Joker Playing Hide-and-Seek with Google Play
According to researchers from information security company Zscaler, the Joker, a spyware that continually targets Android devices, has found its way into Google’s official application market again. The malware is designed to steal SMS messages, contact lists, and device information along with silently signing up the victim for premium wireless application protocol (WAP) services. Although researchers describe several tactics the Joker author uses to bypass the vetting process, the most common one is using “droppers”, where the victim’s device is infected in a multistage process. Because the malicious actions are usually delayed by hours or days, the security scans do not pick up on the malicious code. Following Zscaler report, 17 malicious apps infected with the Joker were removed from the official Play Store, where they had been downloaded more than 120.000 times. Google described this malware as one of the most persistent and advanced threats it has dealt with in the past years.

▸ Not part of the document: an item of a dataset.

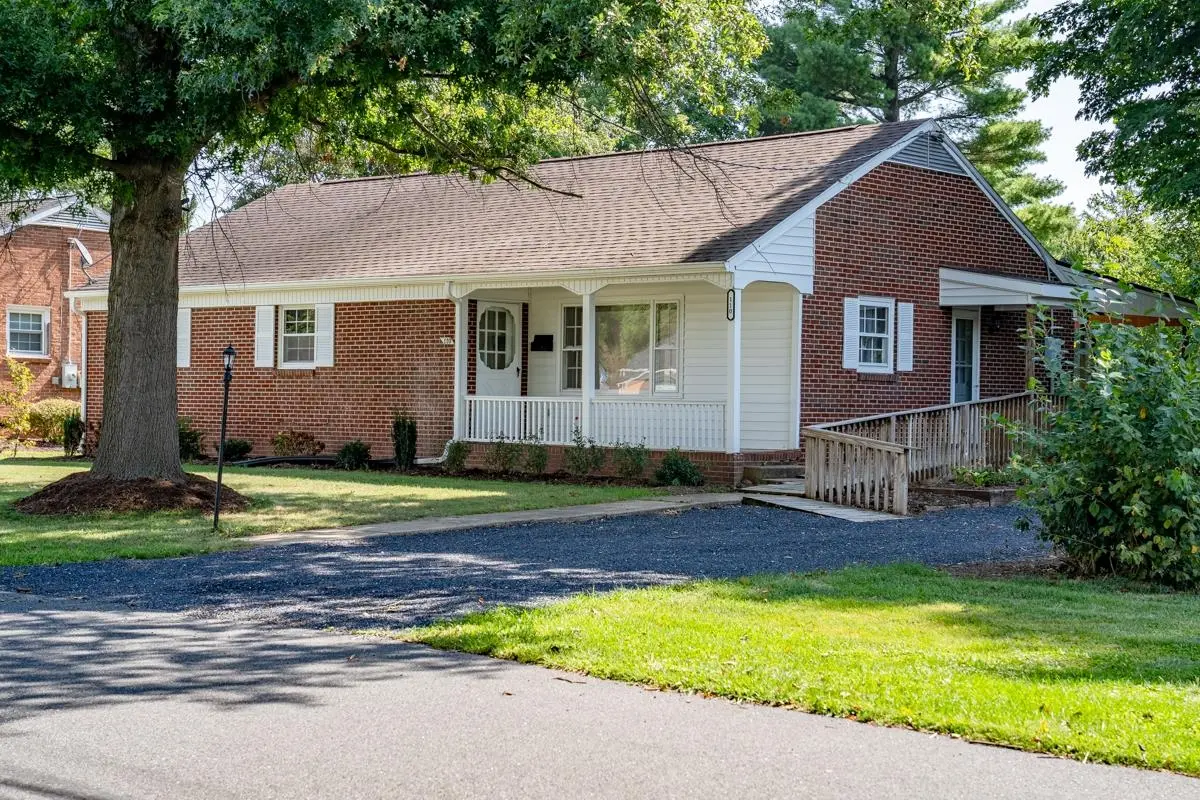 110 View St Nw, Bridgewater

FinSpy Spyware for Mac and Linux OS Targets Egyptian Organisations
Amnesty International uncovered a new surveillance campaign that targeted Egyptian civil society organizations with previously undisclosed versions of the infamous FinSpy surveillance spyware. The new versions employed in this campaign allow its operators to spy on both Linux and macOS systems. Finisher, aka FinFisher, is a multiplatform surveillance software used by government and law enforcement agencies for their investigations, but unfortunately, it made the headlines because it was also used by oppressive regimes to spy on dissidents, activists, and Journalists. Since 2011 it was employed in attacks aimed at Human Rights Defenders (HRDs) in many countries, including Bahrain, Ethiopia, UAE, and more. FinSpy can spy on most popular desktop and mobile operating systems, including Android, iOS, Windows, macOS, and Linux. It allows to use the users’ devices as a spying tool, it can control both webcam and microphone, to spy on communications and exfiltrate data stored on the infected systems. The new versions of FinSpy spyware were used by a new unknown hacking group, Amnesty International speculates the involvement of a nation-state actor that employed them since September 2019. The researchers were investigating the activities of another hacking group, tracked as NilePhish, which was involved in the past in attacks aimed at Egyptian NGOs, when discovered the new spyware sample uploaded on VirusTotal.

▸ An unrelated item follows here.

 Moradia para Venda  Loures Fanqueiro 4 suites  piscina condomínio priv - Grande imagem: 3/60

Victims of ThunderX ransomware can recover their files for free
The cyber security firm Tesorion has released a free decryptor for the ThunderX rescue software that allows victims to recover their files. This decryptor can freely recover files encrypted by the current version of the ThunderX rescue software that adds the .tx_locked extension to the name of the decrypted files. To recover the files, victims have to upload a copy of the ransomware readme.txt and an encrypted file to receive a decryption key. The decryptor can be downloaded from the NoMoreRansom project website which has already helped victims of multiple rescues save over one hundred million rescues. When the decryption process is complete, the decryptor will display a summary of the files that have been successfully recovered and those where the recovery has failed.